Trufant is not far from the top rung of the ladder at his position, either, at least in terms of this year's incoming rookie class. Buoyed by a 4.38 40-yard dash at the combine in February, Trufant now appears to be a safe bet to be a Round 1 draft pick later this month. (Don Banks has him as the No. 21 selection, by Cincinnati, in his latest SI.com Mock Draft.)
It's far from a smoke-and-mirrors job that has Trufant in the first-round mix.
Consistently during his career at Washington, he took on the opposition's top receiver and won the battle. Never was that more true than in Washington's 24-14 loss to USC last October, when Trufant was matched up for extended periods with superstar USC receiver Marqise Lee. Lee averaged nine-plus catches, 132 yards and more than a touchdown per game last season, but those numbers would have been higher had Trufant not had a hand in holding Lee to two grabs and 32 yards in Husky Stadium.
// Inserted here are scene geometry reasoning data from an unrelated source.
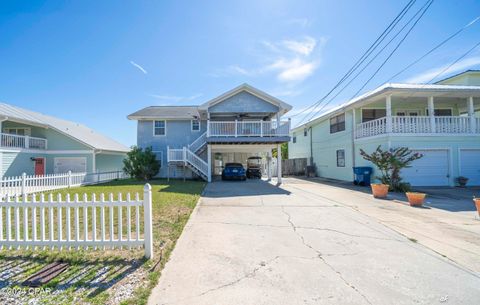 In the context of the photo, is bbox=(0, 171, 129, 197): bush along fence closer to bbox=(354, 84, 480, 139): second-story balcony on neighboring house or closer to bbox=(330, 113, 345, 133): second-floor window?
bbox=(354, 84, 480, 139): second-story balcony on neighboring house

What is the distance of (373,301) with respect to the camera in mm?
2766

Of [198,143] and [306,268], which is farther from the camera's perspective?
[198,143]

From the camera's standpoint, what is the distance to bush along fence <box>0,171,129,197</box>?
9961 millimetres

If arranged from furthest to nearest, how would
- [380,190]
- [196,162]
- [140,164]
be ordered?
[140,164]
[196,162]
[380,190]

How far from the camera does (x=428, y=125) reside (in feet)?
45.1

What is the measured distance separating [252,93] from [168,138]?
8.41 metres

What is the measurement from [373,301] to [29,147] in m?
23.9

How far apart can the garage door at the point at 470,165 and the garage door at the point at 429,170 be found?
1.05 meters

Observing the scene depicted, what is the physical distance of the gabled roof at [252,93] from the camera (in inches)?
635

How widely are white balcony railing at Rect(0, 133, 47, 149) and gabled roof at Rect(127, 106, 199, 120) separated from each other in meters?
7.69

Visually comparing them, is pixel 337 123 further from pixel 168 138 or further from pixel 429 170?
pixel 168 138

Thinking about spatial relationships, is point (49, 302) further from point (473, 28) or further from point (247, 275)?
point (473, 28)

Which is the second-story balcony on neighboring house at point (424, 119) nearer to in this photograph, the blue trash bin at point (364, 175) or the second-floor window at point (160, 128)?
the blue trash bin at point (364, 175)

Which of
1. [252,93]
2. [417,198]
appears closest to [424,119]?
[417,198] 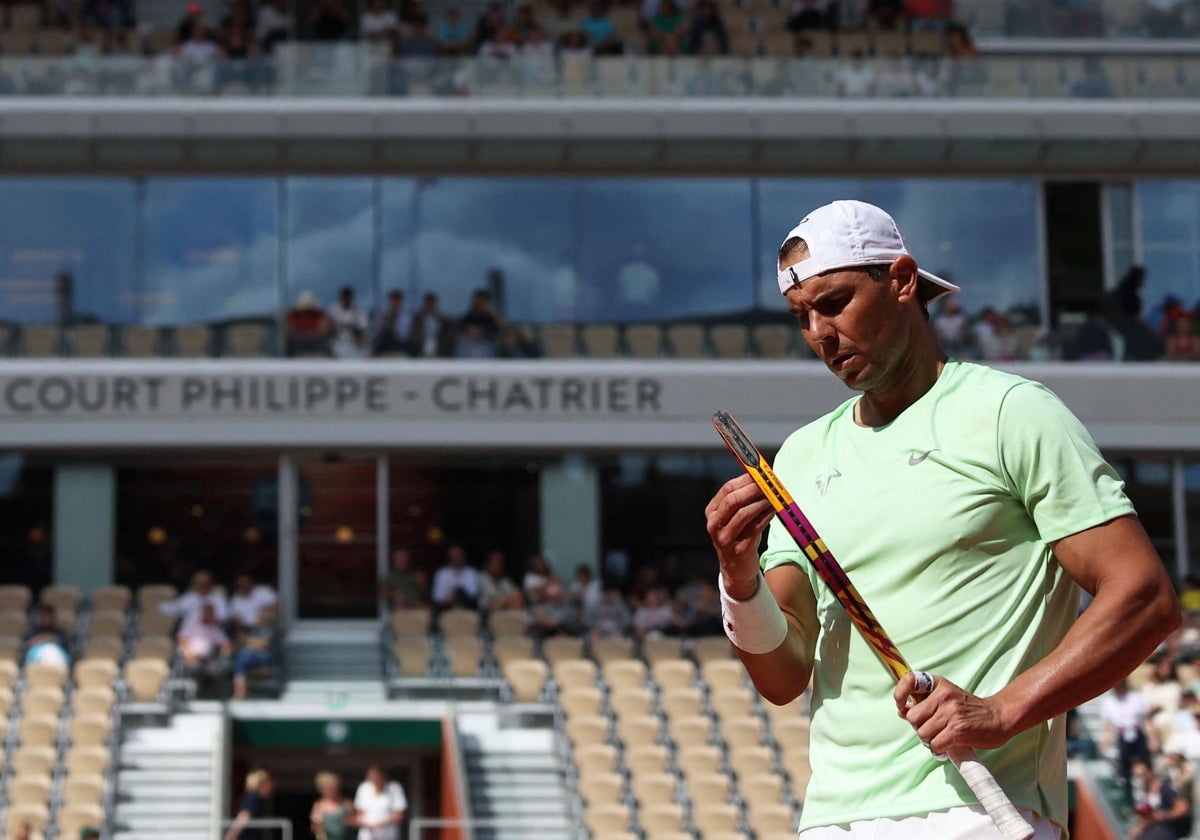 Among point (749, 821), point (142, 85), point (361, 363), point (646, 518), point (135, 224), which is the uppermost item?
point (142, 85)

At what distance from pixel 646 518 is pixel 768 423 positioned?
6.79 feet

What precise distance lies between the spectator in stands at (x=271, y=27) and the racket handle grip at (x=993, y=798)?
25.2 metres

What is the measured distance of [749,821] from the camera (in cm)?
1998

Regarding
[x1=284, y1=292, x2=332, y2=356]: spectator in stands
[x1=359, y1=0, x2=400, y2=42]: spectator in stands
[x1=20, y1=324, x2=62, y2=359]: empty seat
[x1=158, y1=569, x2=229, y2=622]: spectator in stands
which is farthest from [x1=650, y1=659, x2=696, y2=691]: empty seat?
[x1=359, y1=0, x2=400, y2=42]: spectator in stands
Granted, USC jumped out to an early lead in that game and did not need to air it out much in the second half. But Trufant's work against Lee still stood out in a tough defeat -- Washington's defensive coordinator, Justin Wilcox, praised him as "a hell of a player" afterward.
"He just played like he plays," Washington head coach Steve Sarkisian said of Trufant in his postgame press conference. "I don’t know if he covered Marqise every play when they did throw it ... but it sure felt like he covered him pretty well, and it sure felt like he was confident doing it."
There is little question that Trufant will carry that confidence to the next level. "I feel I'm honestly one of the best corners in this draft," he told NFL.com last month, a sentiment he continues to carry.
"I just try to show all the teams that I’m well-rounded, that I can do a lot of different things," says Trufant, who has a reputation for stepping up on the run and contends he can cover from any area of the field. "That you can do a little bit of everything with me."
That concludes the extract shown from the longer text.